- Information shown -

# # # # # # #

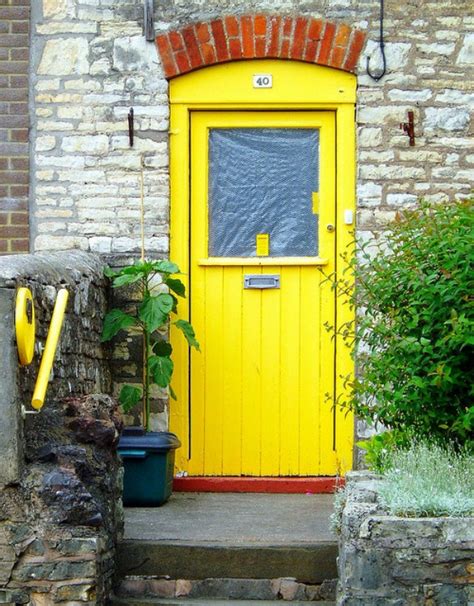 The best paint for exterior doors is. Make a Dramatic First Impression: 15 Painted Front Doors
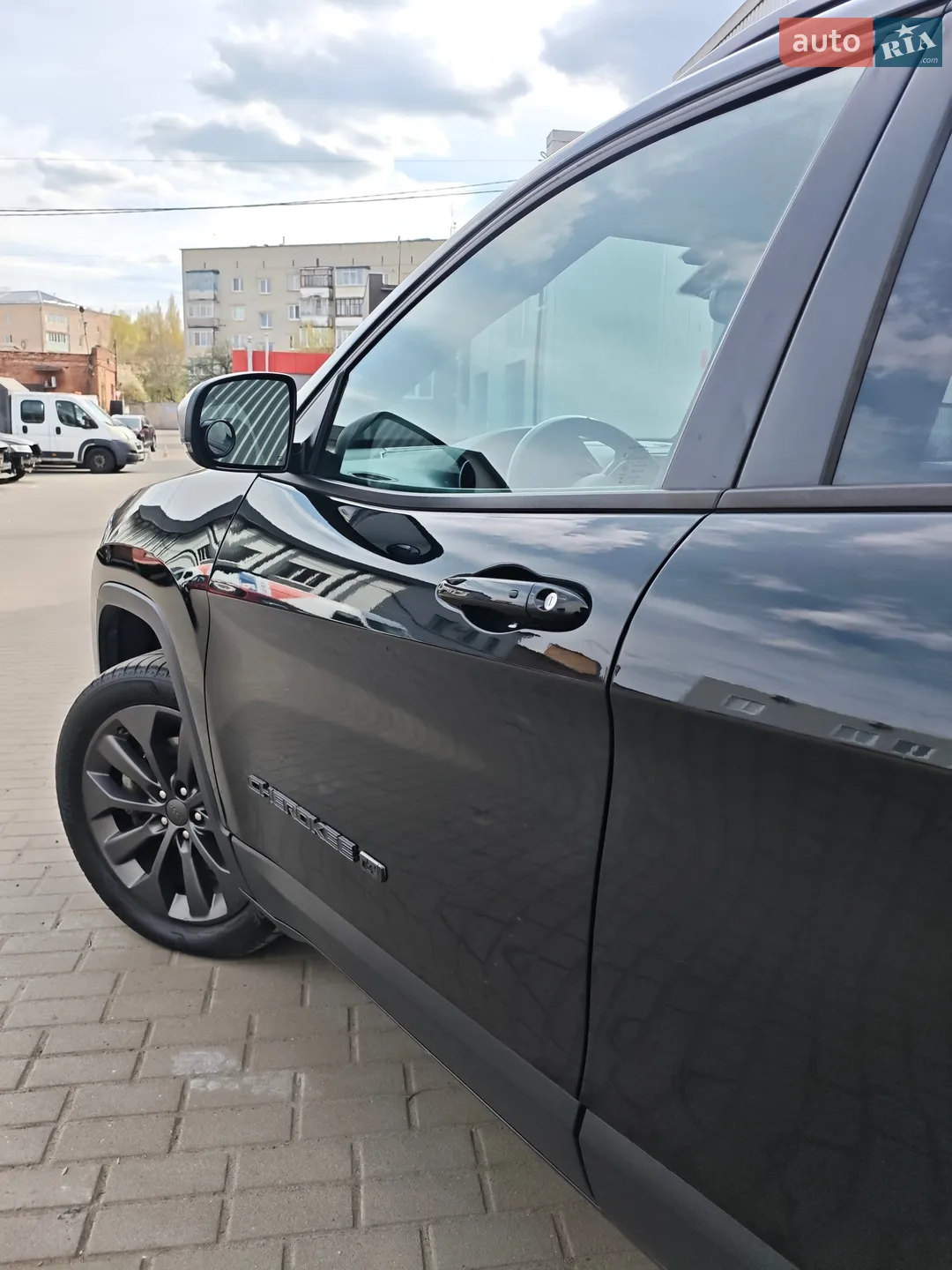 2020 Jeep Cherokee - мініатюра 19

# # # # # # #

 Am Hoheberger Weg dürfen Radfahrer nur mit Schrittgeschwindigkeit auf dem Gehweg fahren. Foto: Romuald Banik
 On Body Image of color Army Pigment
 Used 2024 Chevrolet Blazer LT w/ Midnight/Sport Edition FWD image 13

# # # # # # #

- What to do -
Your copy should hold the lines from the one with "The best paint" up to and including the one with "2020 Jeep Cherokee - мініатюра 19", exactly as in the data above, and no pictures.

- Answer to this exercise -
 The best paint for exterior doors is. Make a Dramatic First Impression: 15 Painted Front Doors
 2020 Jeep Cherokee - мініатюра 19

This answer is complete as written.